They’re not happy with the rough parity, the slight advantage they have now.
They want media domination. Sinclair bought the once glorious Baltimore
Sun. Don’t think they’ll stop there. I predict Sinclair or the News Corp.
will own The Washington Post one day. Maybe sooner than we
think.
I
implore you. Contemplate this. If you’re of a certain age, you have a living
memory of revolutions in what we used to call the Third World. Question: What’s
the first thing every guerilla army, whether of the left or the right, did once
they seized the palace? They took over the radio or television station. First.
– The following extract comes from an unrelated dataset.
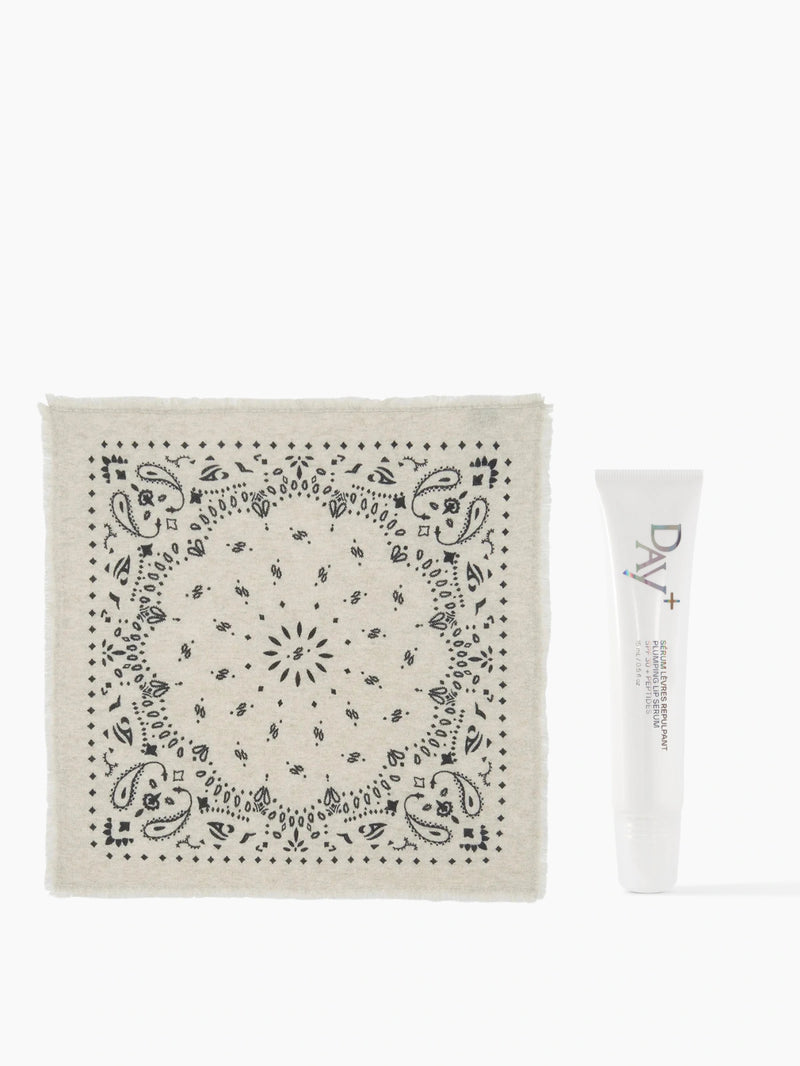 Collaboration de Noël Kujten x Day+ composé du bandana Hachi en couleur Avoine avec le Sérum Lèvres en teinte 03. Glitter All Over.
There’s a reason for that.
It’s
the same reason Viktor Orban told CPAC in 2022: “Have
your own media.”
This
is a crisis. The Democratic brand is garbage in wide swaths of the country, and
this is the reason. Consider this point. In Missouri on Tuesday, voters passed
a pro-abortion rights initiative, and another that raised the minimum wage and
mandated paid leave. These are all Democratic positions. But as far as electing
someone to high office, the Man-Boy Love Party could probably come closer than
the Democrats. Trump beat Harris there by 18 points, and Senator Josh Hawley
beat Lucas Kunce, who ran a good race and pasted Hawley in their debate, by 14
points.
The
reason? The right-wing media. And it’s only growing and growing. And I haven’t
even gotten to social media and Tik Tok and the other platforms from which far
more people are getting their news these days. The right is way ahead on those
fronts too. Liberals must wake up and understand this and do something about it
before it’s too late, which it almost is.